English barrister and legal scholar (1846–1883)

Frederic Philip Tomlinson (10 July 1846 - 31 August 1883) was an English barrister and legal scholar. He was co-editor of Harris's Principles of the Criminal Law, which was a leading textbook on English criminal law.

== Early life and education ==

Tomlinson was born on 10 July 1846 at Heysham, Lancashire, the fifth son of Thomas Tomlinson, a barrister, and Sarah Mashiter, daughter of the Rev. Roger Mashiter of Bolton-le-Sands. His brother was William Tomlinson.

He was schooled at Westminster School and was admitted to Trinity College, Cambridge as a pensioner in 1864, later becoming a scholar in 1867, and taking the B.A. in 1868 (proceeded by seniority to the M.A. in 1872).

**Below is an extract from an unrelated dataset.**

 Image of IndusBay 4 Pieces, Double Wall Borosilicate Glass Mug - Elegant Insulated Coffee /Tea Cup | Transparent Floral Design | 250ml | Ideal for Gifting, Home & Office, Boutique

He was admitted at the Inner Temple in 1867 and called to the Bar in the Michelmas term of 1871.

== Career ==

Tomlinson practised as a special pleader and circuit junior on the Northern Circuit, and he held chambers in the Temple, London.

In 1881, he co-wrote the second edition of Principles of the Criminal Law with Seymour F. Harris, and he wrote The Judicature Acts and Rules of the Supreme Court, 1883: With Notes and Index, which was published posthumously in 1884.

== Personal life and death ==

On 29 July 1876, Tomlinson married Mary Reid, eldest daughter of Sir James John Reid, a Scottish advocate and former colonial Chief Justice of the Ionian Islands.

He died after a short illness on 31 August 1883 at Mouswald, Dumfriesshire, aged 37.